- **Supplied material**:
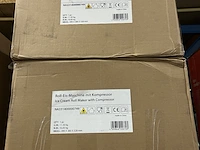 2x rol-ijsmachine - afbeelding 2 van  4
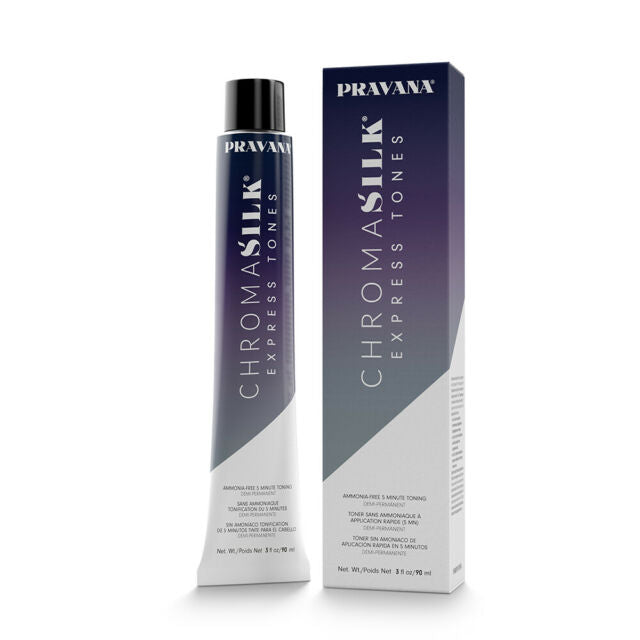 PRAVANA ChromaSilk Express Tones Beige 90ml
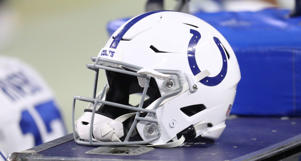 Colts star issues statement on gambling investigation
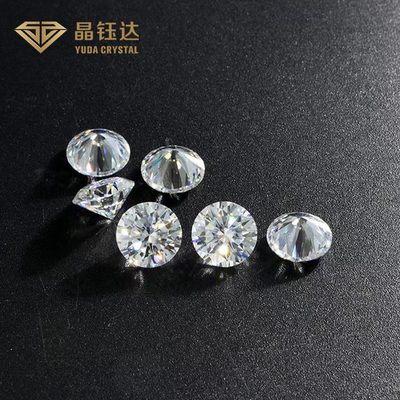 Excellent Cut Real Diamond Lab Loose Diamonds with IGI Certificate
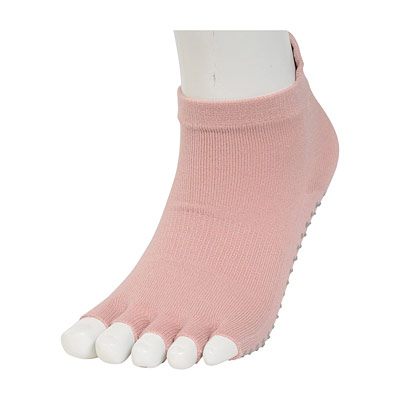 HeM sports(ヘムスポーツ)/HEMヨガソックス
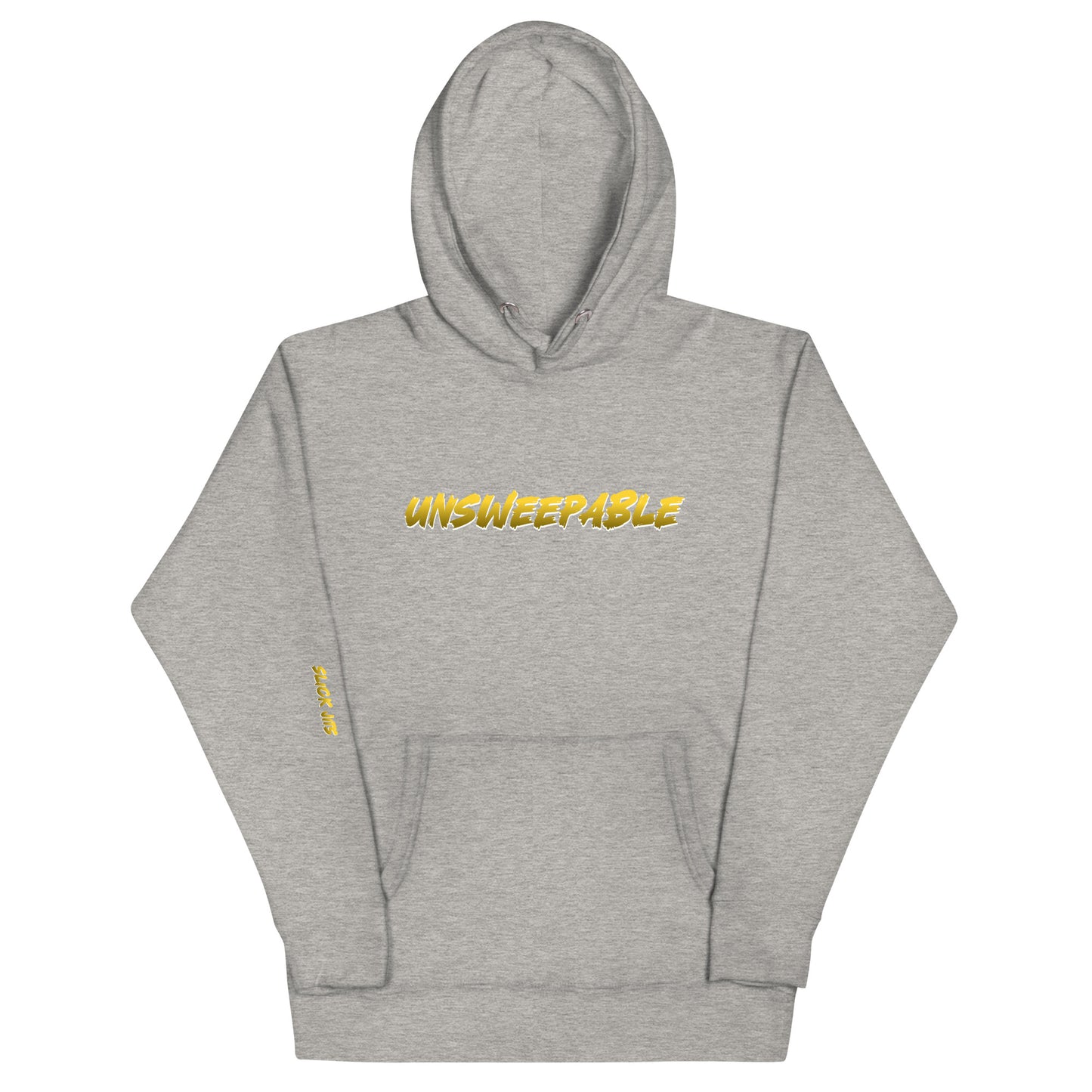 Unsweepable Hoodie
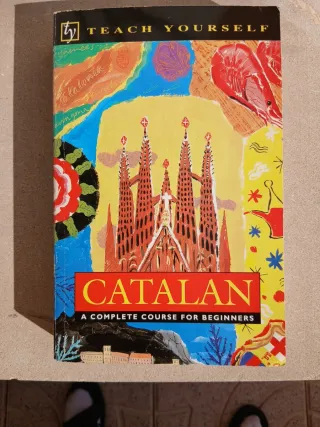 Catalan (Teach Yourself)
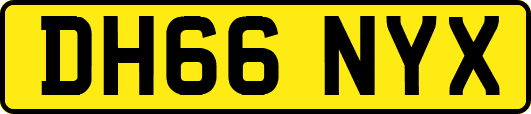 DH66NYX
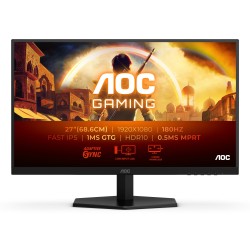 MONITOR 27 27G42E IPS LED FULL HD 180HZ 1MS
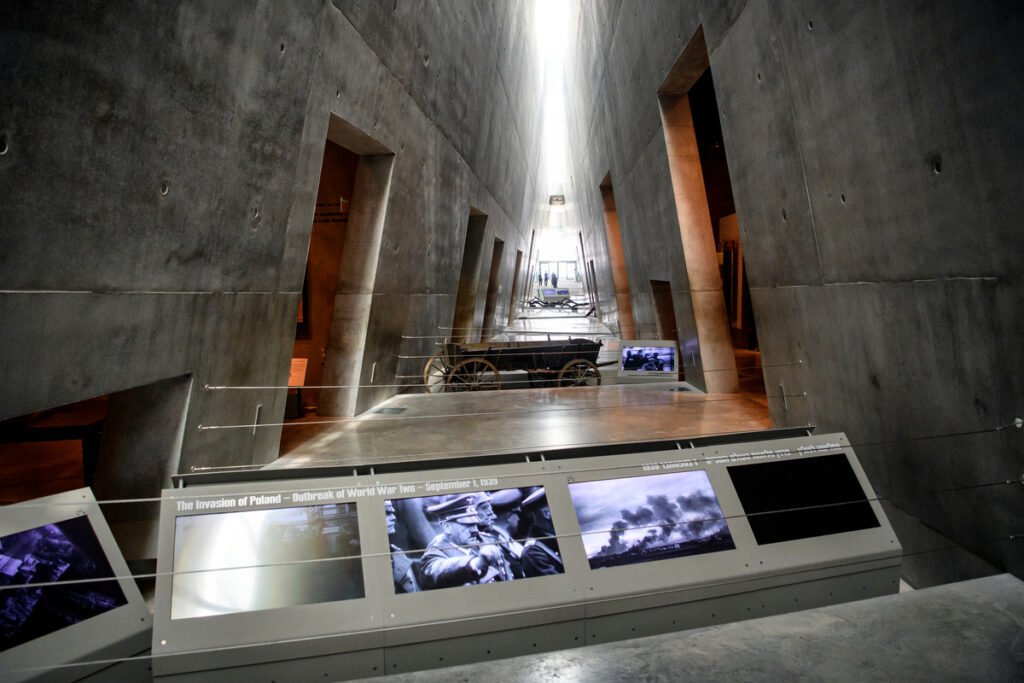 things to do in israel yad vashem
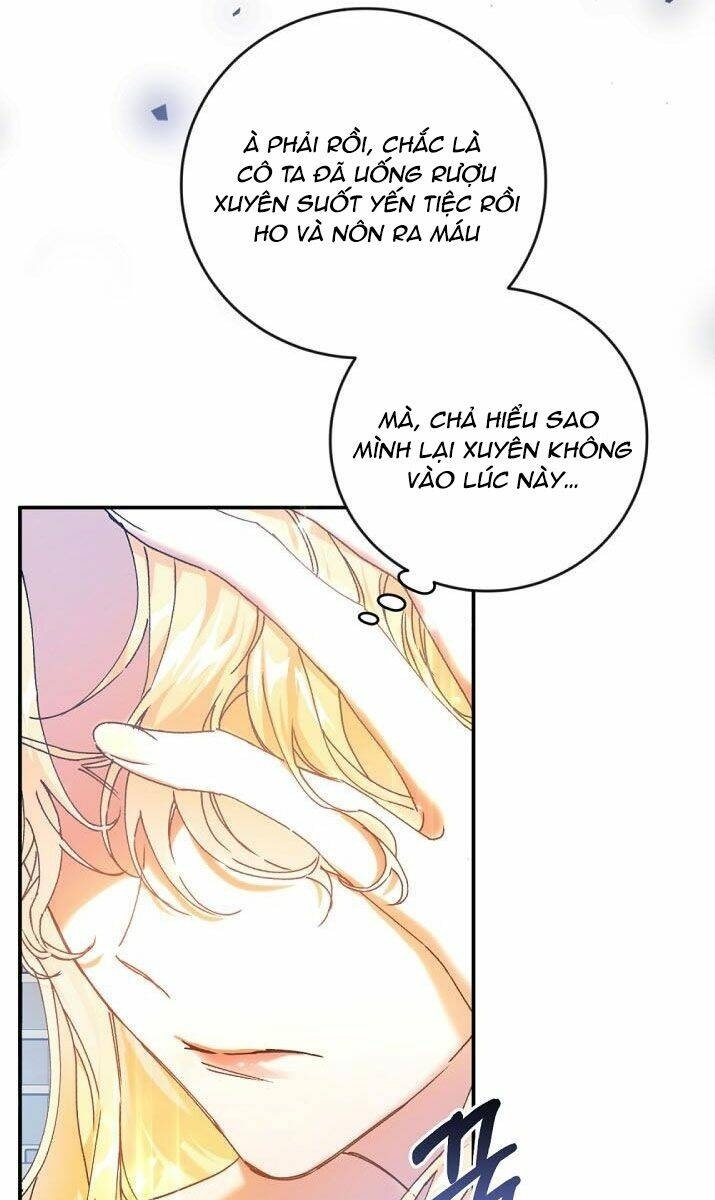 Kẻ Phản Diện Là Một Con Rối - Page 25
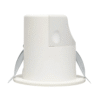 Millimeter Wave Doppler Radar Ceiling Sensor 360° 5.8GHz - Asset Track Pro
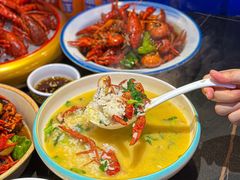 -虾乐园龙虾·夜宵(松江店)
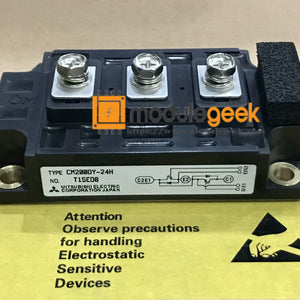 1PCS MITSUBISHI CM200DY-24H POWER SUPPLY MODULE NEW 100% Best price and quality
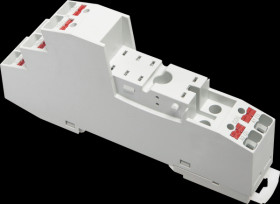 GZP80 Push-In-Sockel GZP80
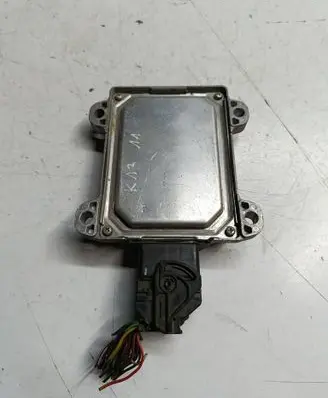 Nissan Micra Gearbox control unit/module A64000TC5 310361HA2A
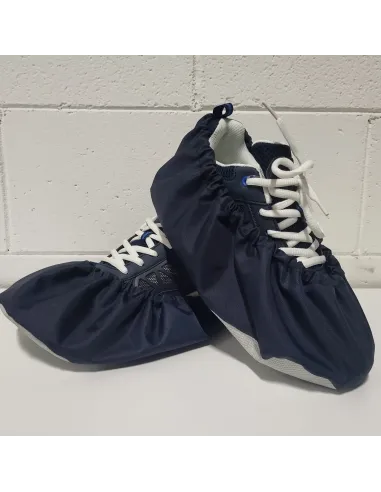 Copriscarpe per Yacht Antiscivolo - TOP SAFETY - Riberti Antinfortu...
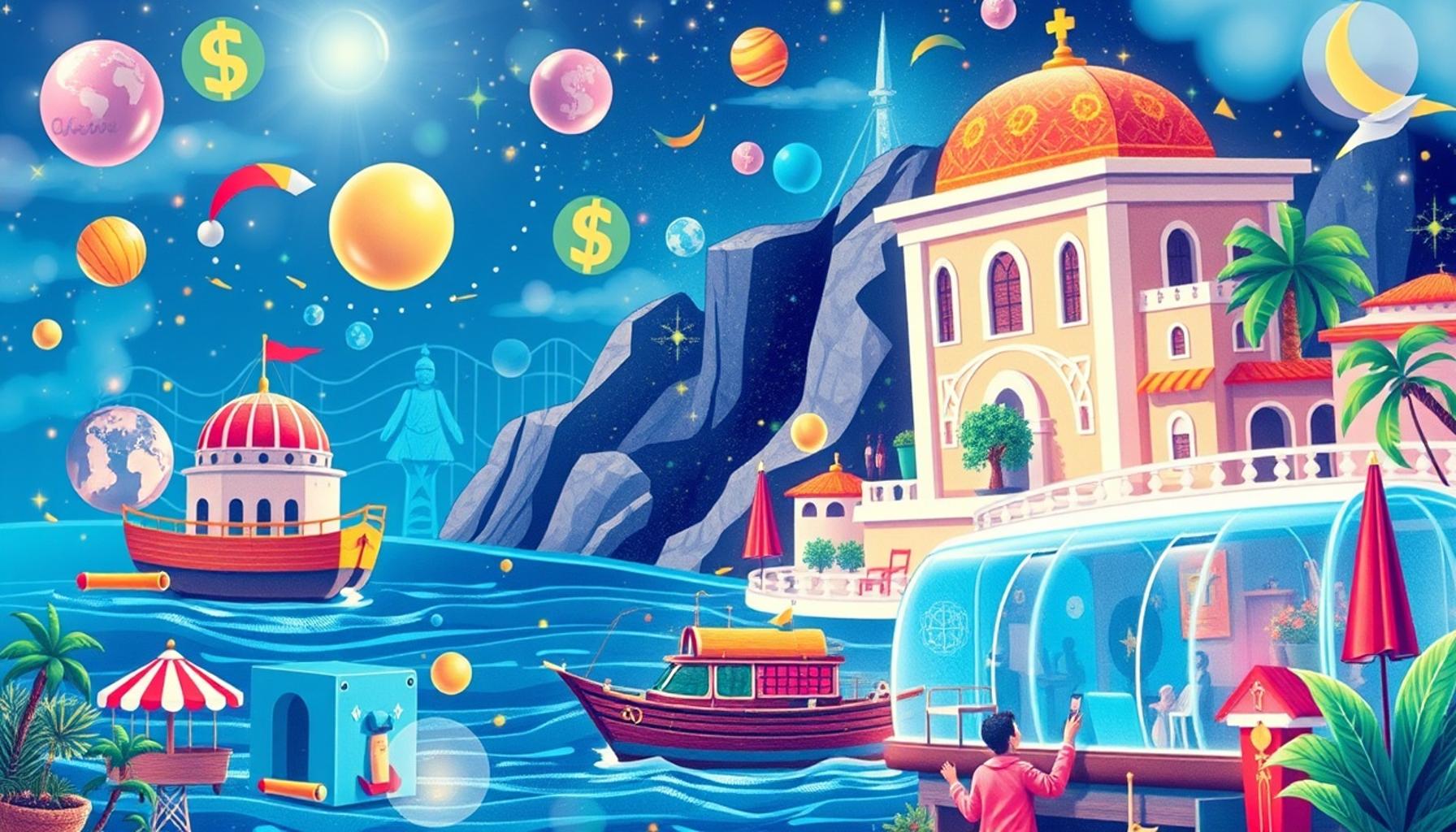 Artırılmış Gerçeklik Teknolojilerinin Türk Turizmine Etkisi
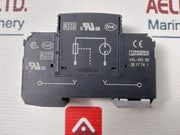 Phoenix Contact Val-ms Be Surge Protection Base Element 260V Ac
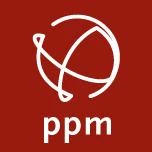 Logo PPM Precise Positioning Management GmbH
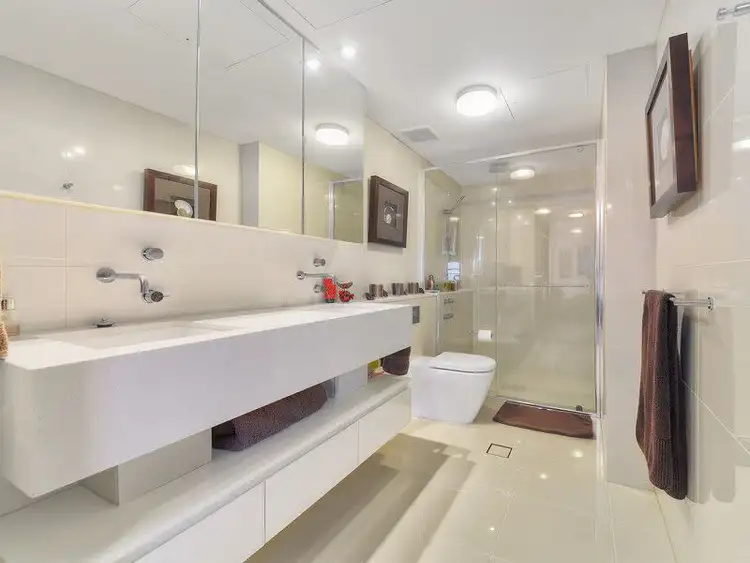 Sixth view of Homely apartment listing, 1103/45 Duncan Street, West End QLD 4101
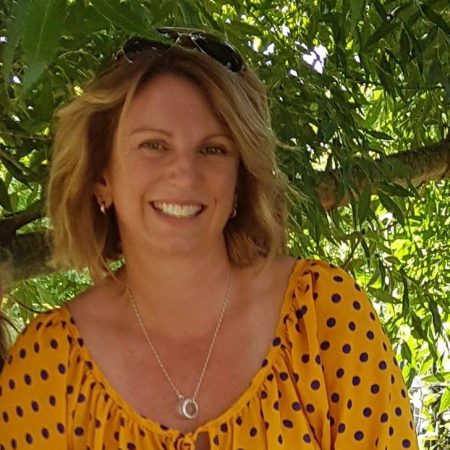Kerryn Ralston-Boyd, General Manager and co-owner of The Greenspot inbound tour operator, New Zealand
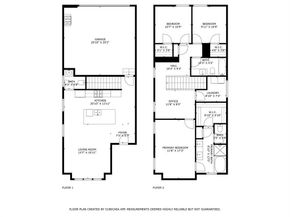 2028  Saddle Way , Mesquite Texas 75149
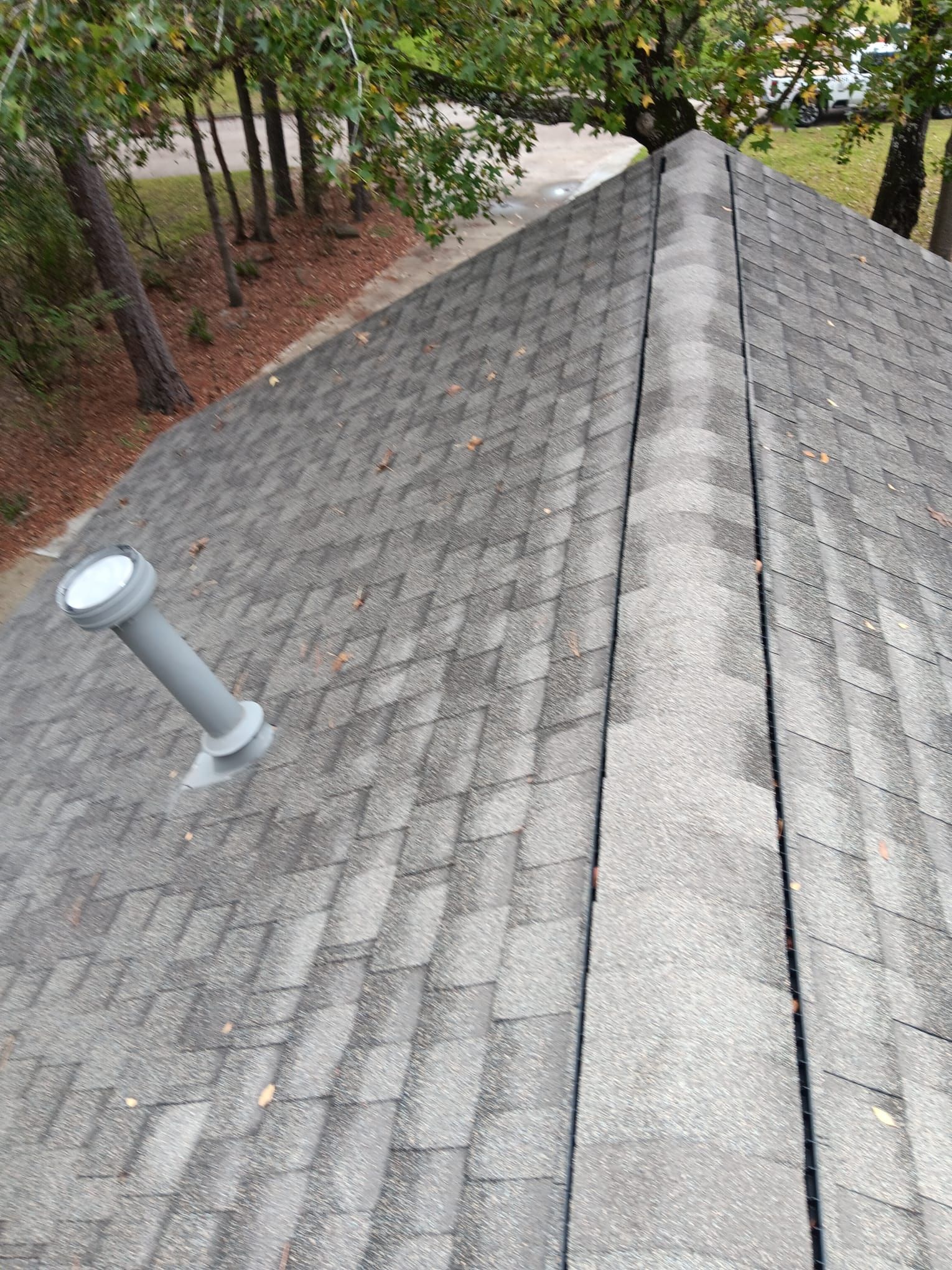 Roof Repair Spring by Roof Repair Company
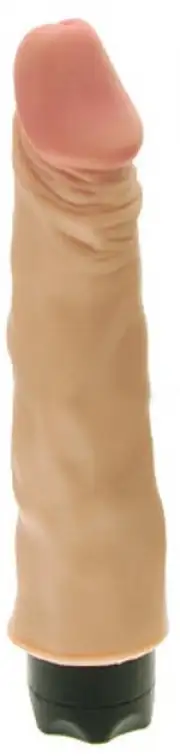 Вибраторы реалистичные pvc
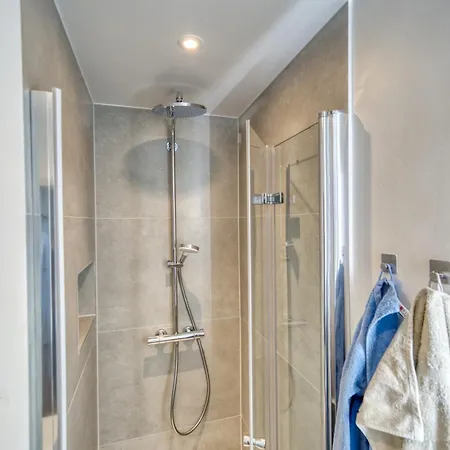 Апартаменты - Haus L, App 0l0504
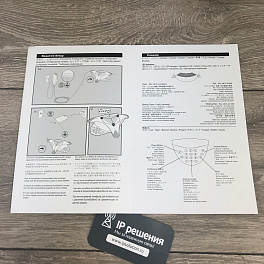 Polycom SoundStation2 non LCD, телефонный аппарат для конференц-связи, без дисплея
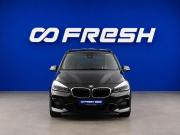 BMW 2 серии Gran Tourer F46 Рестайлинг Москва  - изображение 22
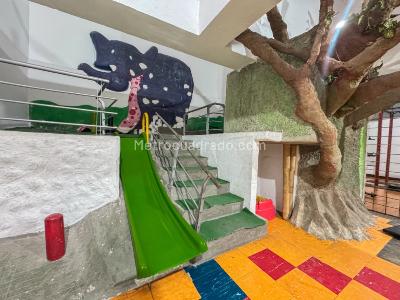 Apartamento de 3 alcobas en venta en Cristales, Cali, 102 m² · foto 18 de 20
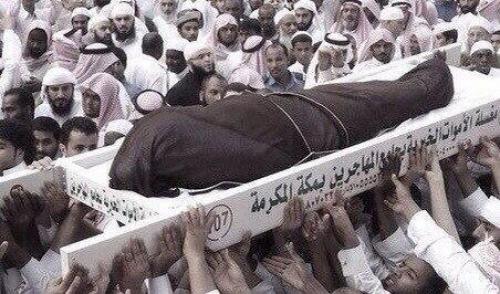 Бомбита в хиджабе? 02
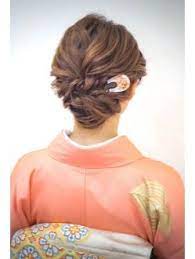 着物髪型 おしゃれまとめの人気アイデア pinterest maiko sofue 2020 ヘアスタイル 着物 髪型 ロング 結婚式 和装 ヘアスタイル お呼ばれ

- **Work required**:
Output nothing except the lines from the one containing "Nissan Micra Gearbox" through the final line of the entries, repeated exactly and free of pictures.

- **Exercise response**:
 Nissan Micra Gearbox control unit/module A64000TC5 310361HA2A
 Copriscarpe per Yacht Antiscivolo - TOP SAFETY - Riberti Antinfortu...
 Artırılmış Gerçeklik Teknolojilerinin Türk Turizmine Etkisi
 Phoenix Contact Val-ms Be Surge Protection Base Element 260V Ac
 Logo PPM Precise Positioning Management GmbH
 Sixth view of Homely apartment listing, 1103/45 Duncan Street, West End QLD 4101
Kerryn Ralston-Boyd, General Manager and co-owner of The Greenspot inbound tour operator, New Zealand
 2028  Saddle Way , Mesquite Texas 75149
 Roof Repair Spring by Roof Repair Company
 Вибраторы реалистичные pvc
 Апартаменты - Haus L, App 0l0504
 Polycom SoundStation2 non LCD, телефонный аппарат для конференц-связи, без дисплея
 BMW 2 серии Gran Tourer F46 Рестайлинг Москва  - изображение 22
 Apartamento de 3 alcobas en venta en Cristales, Cali, 102 m² · foto 18 de 20
 Бомбита в хиджабе? 02
 着物髪型 おしゃれまとめの人気アイデア pinterest maiko sofue 2020 ヘアスタイル 着物 髪型 ロング 結婚式 和装 ヘアスタイル お呼ばれ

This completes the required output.